In the article “Should American Schools Go Year Round?” written by Sindhu Nair, he uses points across the article on reasons why American students should go year-round and the benefits of it. The author uses facts, examples, and statistics to support his claim.
On the third page of the article, the author states, “ Japan students scores are higher than those in the U.S. and where students attend classes 220 days a year on average as against 180 days in America.” By providing this fact, it supports the author’s claim in the way that students are improving academically by going year-round with additional days than what the students are already attending. The author also provides in the article that “It’s becoming a trend, over 3,000 schools had year-round education programs last year.” This backs up the author’s claim to show every year more and more schools are transferring over to year-round education programs.
The author includes an example in the article that states, “ The Oxnard, California school district has a long record of successful year-round schooling.
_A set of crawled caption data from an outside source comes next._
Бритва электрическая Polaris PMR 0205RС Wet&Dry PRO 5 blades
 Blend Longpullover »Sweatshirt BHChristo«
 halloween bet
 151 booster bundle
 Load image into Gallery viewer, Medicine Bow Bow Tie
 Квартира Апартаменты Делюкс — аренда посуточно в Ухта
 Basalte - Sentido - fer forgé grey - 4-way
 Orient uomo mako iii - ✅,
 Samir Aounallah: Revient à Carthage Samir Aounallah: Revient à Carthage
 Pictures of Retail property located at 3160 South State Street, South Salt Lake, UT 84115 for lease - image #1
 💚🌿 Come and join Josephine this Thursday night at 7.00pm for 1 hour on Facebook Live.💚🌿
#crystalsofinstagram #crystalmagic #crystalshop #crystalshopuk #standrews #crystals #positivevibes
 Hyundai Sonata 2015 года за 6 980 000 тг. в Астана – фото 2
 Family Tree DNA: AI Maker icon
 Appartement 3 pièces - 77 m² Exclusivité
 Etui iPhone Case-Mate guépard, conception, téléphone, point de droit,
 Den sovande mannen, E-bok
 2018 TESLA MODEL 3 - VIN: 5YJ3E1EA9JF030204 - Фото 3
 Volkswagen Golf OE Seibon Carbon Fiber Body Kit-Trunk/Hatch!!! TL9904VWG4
It has been on a year-round calendar since 1976 and a nine-year analysis shows significantly improved test scores, without changing the basic education program.” The example the author has provided shows a school who has been doing year-round schooling for decades, has only seen improvements throughout the years by not developing a new education program, but by keeping it the same.
One of the many statistics that was provided in the article was a financial standpoint. “Schools can implement multi-track year-round schooling as a cost-cutting measure. One group of students are always on vacation, a school that was built for 750 students can serve as many as 1,000. This allows school districts with little or no money for building expansions to handle a growing student population and save millions of dollars in construction cost.” By showing this information, it proves with year-round schooling it is not only beneficial to students’ education but to also the financial state of the schools.
In conclusion, Sindhu Nair proves that schools along the country should be going all year-round. To support his claim, the author uses facts, examples, and statistics.